*** DATASET EXTRACT ***

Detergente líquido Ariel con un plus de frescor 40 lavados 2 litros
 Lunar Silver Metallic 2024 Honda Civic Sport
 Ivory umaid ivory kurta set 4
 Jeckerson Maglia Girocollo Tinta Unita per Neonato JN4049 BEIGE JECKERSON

*** End of DATASET EXTRACT ***

Copy exactly the lines running from the one that holds "Ivory umaid ivory kurta set 4" to the last line of the listing above. Include both of those lines.

 Ivory umaid ivory kurta set 4
 Jeckerson Maglia Girocollo Tinta Unita per Neonato JN4049 BEIGE JECKERSON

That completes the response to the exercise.